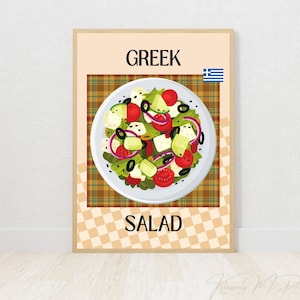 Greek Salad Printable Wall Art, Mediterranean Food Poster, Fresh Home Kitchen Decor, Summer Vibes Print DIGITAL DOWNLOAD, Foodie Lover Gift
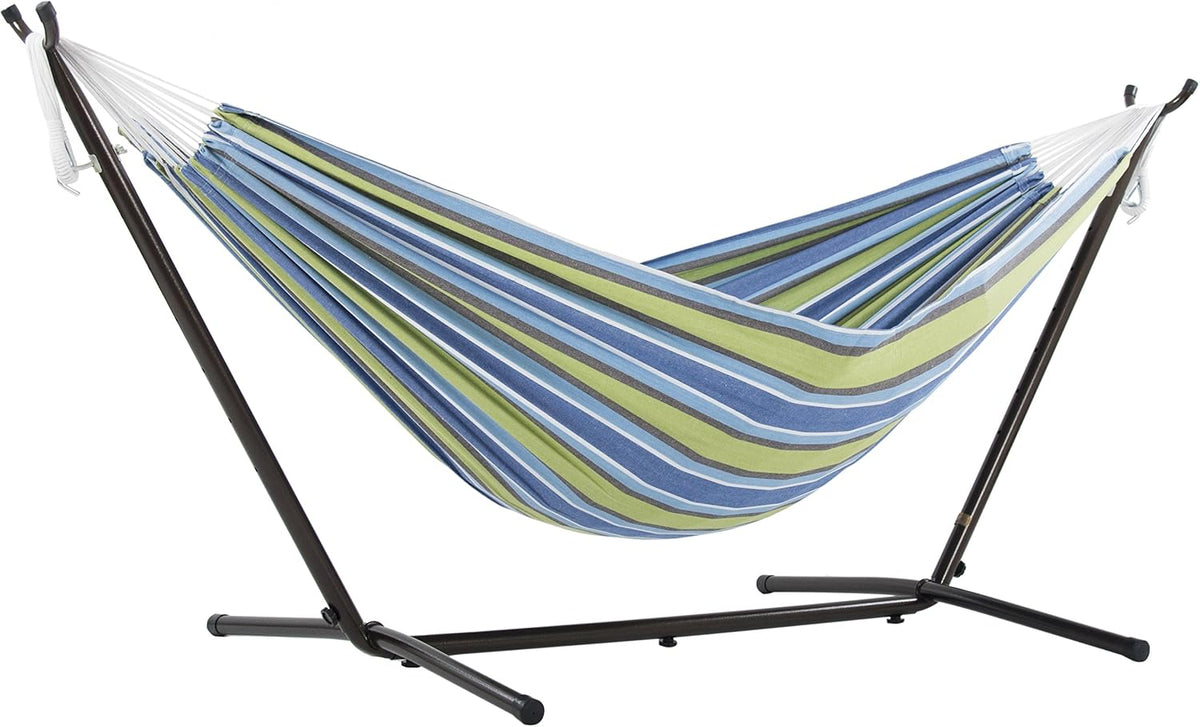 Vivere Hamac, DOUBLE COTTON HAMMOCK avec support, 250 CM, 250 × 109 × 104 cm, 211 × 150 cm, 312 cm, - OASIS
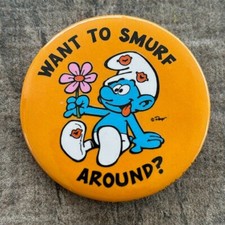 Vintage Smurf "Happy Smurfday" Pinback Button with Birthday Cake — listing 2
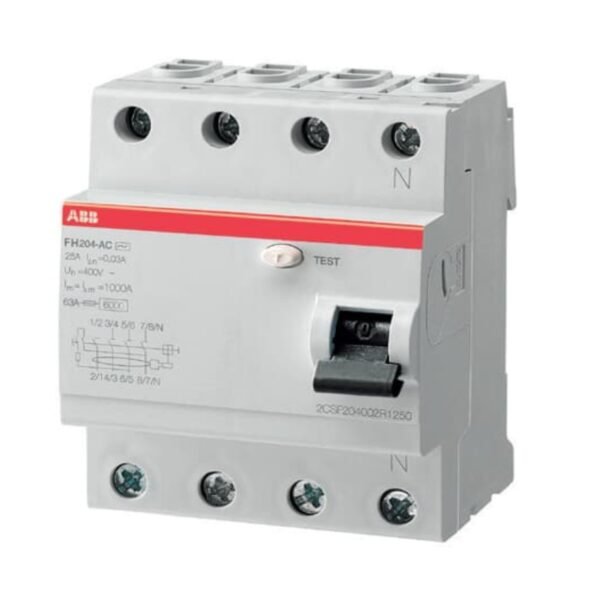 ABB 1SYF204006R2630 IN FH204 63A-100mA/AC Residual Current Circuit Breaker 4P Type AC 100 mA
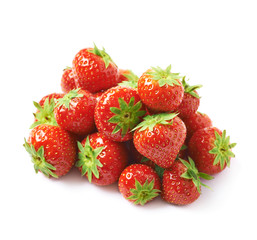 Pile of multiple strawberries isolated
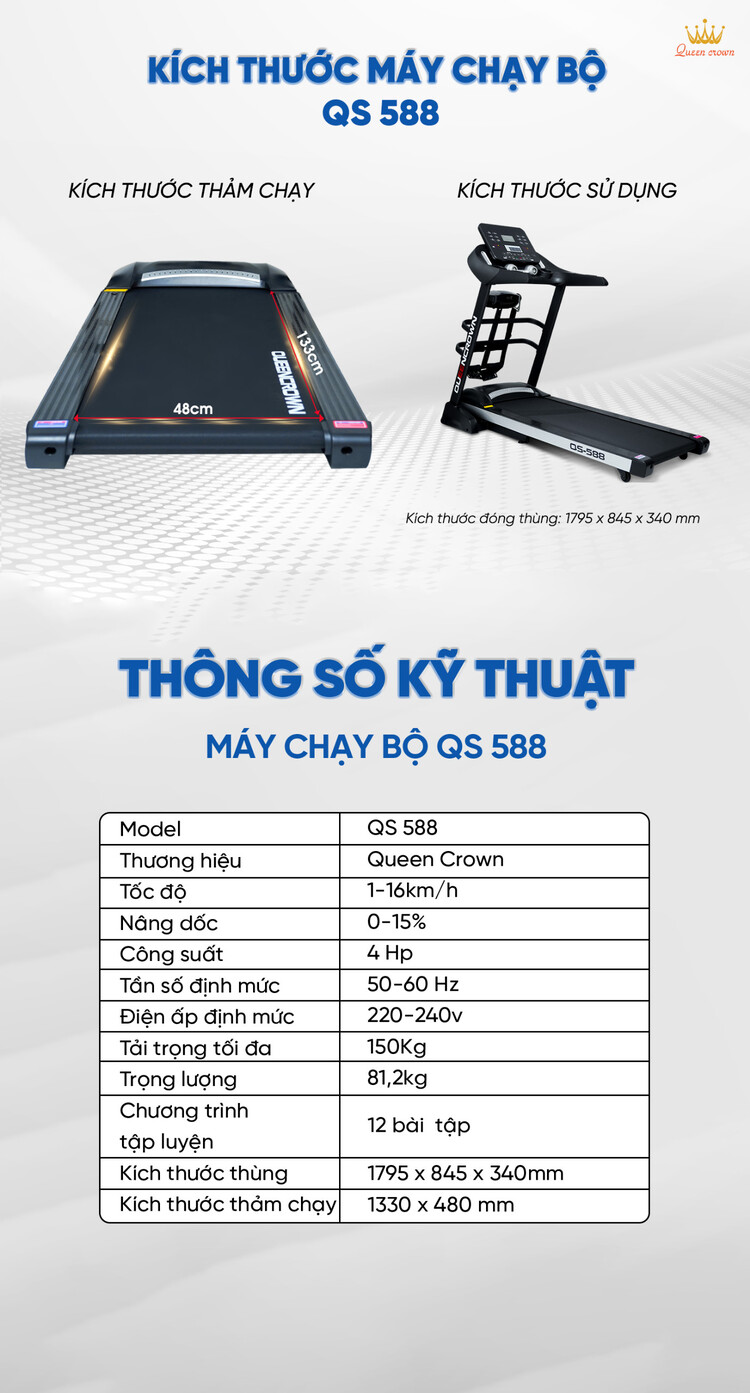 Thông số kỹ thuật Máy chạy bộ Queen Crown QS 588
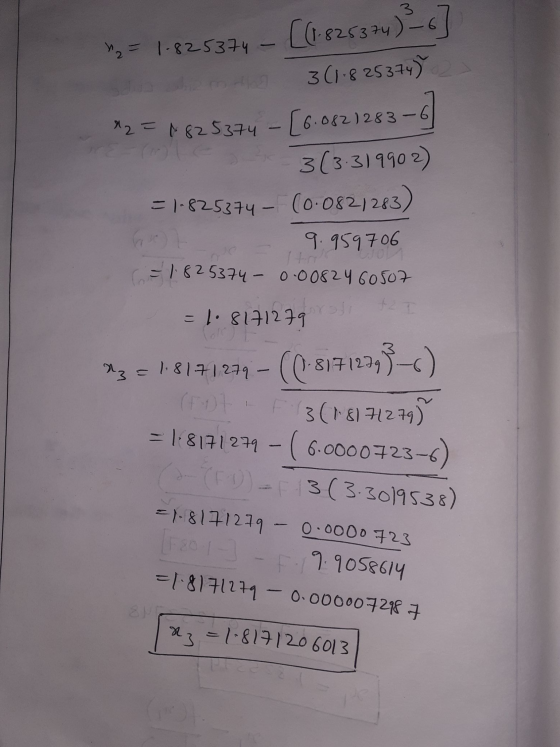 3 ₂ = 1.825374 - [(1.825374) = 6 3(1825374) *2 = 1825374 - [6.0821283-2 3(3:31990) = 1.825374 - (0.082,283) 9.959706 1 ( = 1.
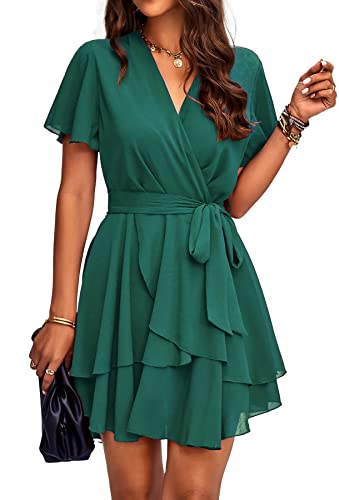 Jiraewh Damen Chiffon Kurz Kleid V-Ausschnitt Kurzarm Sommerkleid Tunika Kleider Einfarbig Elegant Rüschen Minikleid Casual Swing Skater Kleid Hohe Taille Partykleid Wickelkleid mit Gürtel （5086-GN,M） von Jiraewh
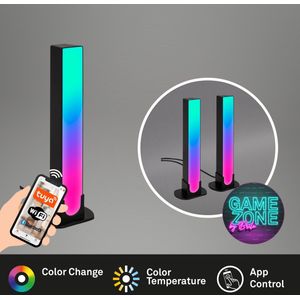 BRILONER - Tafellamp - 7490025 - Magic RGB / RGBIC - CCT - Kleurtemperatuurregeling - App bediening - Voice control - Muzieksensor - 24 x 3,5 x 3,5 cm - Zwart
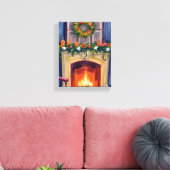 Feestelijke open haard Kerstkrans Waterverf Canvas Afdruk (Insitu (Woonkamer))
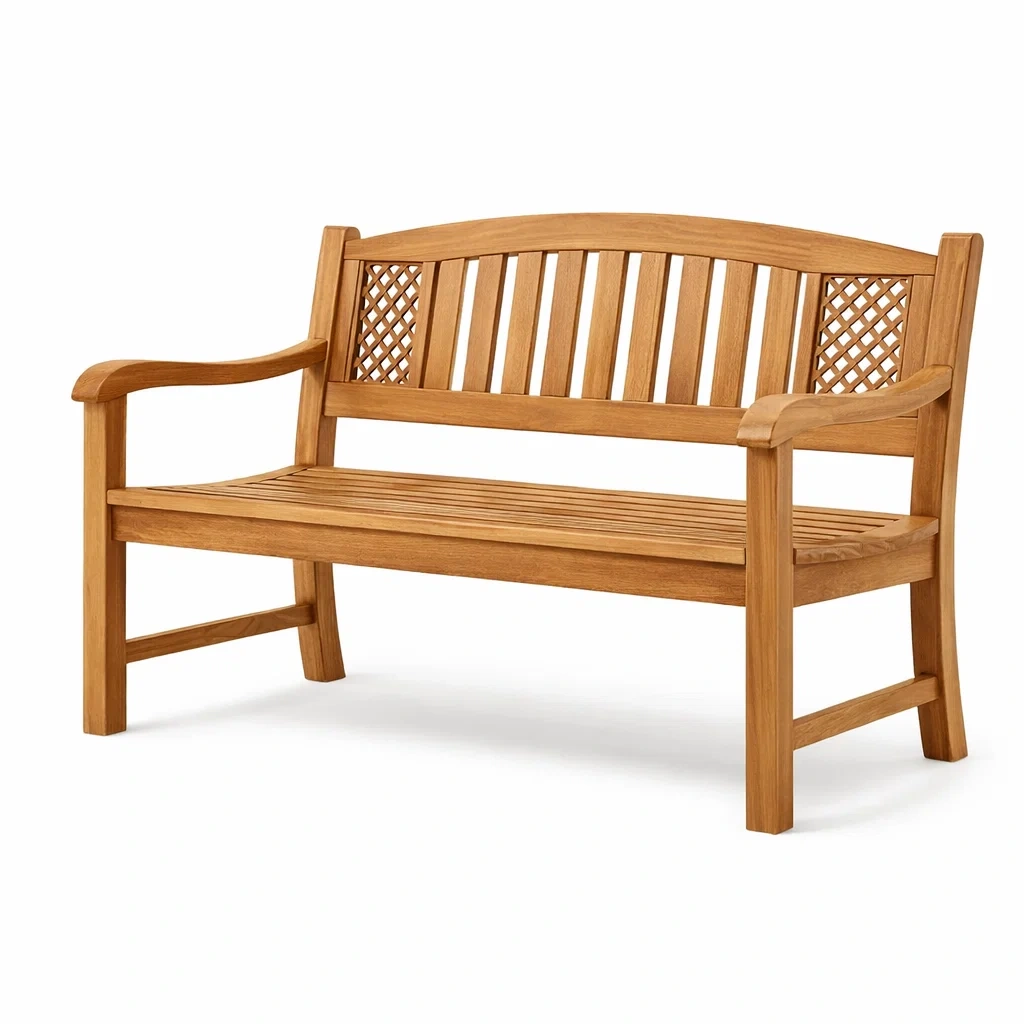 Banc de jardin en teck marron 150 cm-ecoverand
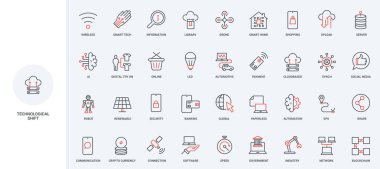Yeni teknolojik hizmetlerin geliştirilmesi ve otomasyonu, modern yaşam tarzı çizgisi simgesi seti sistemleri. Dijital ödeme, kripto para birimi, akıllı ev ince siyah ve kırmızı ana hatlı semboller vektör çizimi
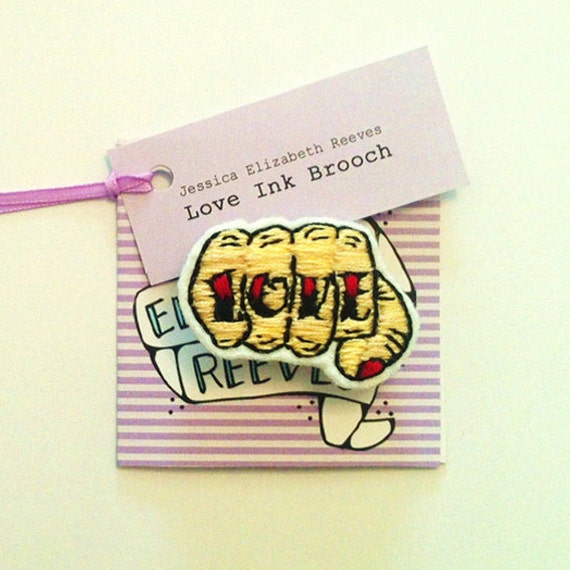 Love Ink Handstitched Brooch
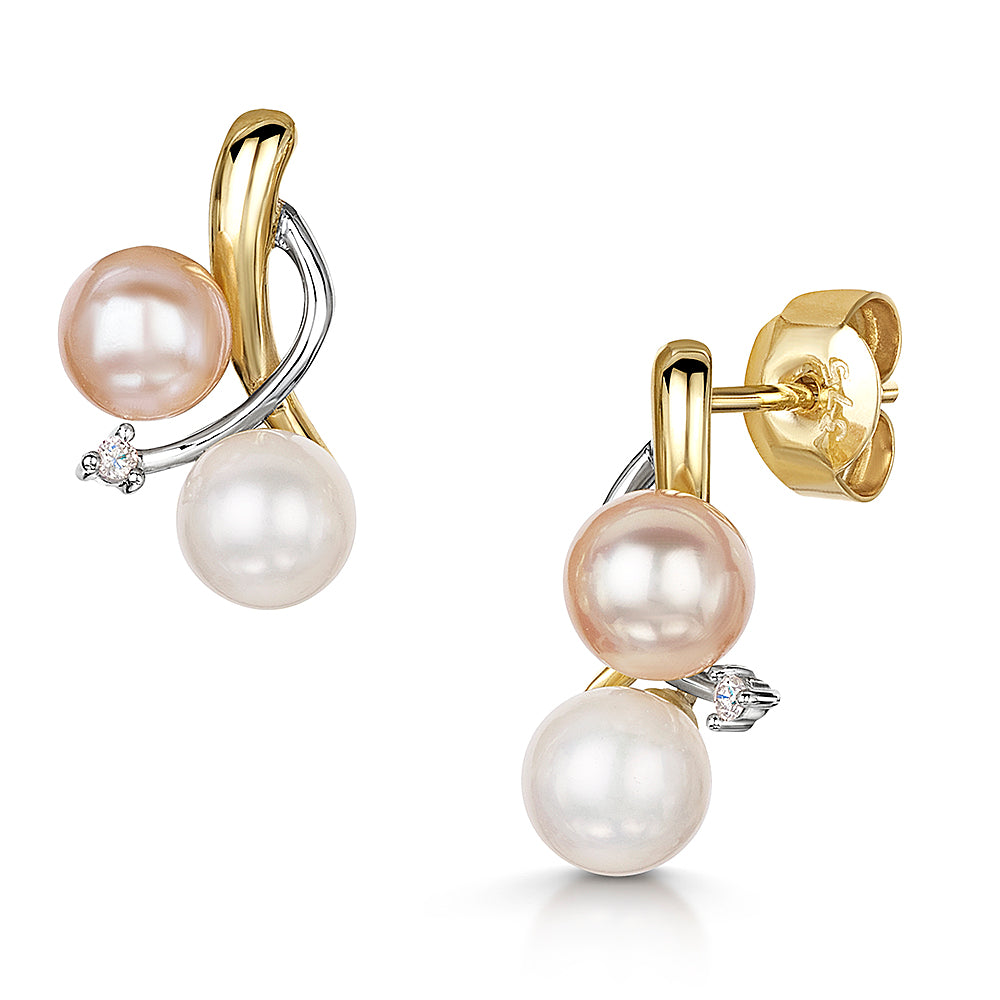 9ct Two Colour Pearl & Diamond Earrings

**WORK INSTRUCTIONS**
Every line of the data above is to be set down exactly; the pictures are not.

**PROBLEM SOLUTION**
 Greek Salad Printable Wall Art, Mediterranean Food Poster, Fresh Home Kitchen Decor, Summer Vibes Print DIGITAL DOWNLOAD, Foodie Lover Gift
 Vivere Hamac, DOUBLE COTTON HAMMOCK avec support, 250 CM, 250 × 109 × 104 cm, 211 × 150 cm, 312 cm, - OASIS
 Vintage Smurf "Happy Smurfday" Pinback Button with Birthday Cake — listing 2
 ABB 1SYF204006R2630 IN FH204 63A-100mA/AC Residual Current Circuit Breaker 4P Type AC 100 mA
 Pile of multiple strawberries isolated
 Thông số kỹ thuật Máy chạy bộ Queen Crown QS 588
 3 ₂ = 1.825374 - [(1.825374) = 6 3(1825374) *2 = 1825374 - [6.0821283-2 3(3:31990) = 1.825374 - (0.082,283) 9.959706 1 ( = 1.
 Jiraewh Damen Chiffon Kurz Kleid V-Ausschnitt Kurzarm Sommerkleid Tunika Kleider Einfarbig Elegant Rüschen Minikleid Casual Swing Skater Kleid Hohe Taille Partykleid Wickelkleid mit Gürtel （5086-GN,M） von Jiraewh
 BRILONER - Tafellamp - 7490025 - Magic RGB / RGBIC - CCT - Kleurtemperatuurregeling - App bediening - Voice control - Muzieksensor - 24 x 3,5 x 3,5 cm - Zwart
 Feestelijke open haard Kerstkrans Waterverf Canvas Afdruk (Insitu (Woonkamer))
 Banc de jardin en teck marron 150 cm-ecoverand
Yeni teknolojik hizmetlerin geliştirilmesi ve otomasyonu, modern yaşam tarzı çizgisi simgesi seti sistemleri. Dijital ödeme, kripto para birimi, akıllı ev ince siyah ve kırmızı ana hatlı semboller vektör çizimi
 Love Ink Handstitched Brooch
 9ct Two Colour Pearl & Diamond Earrings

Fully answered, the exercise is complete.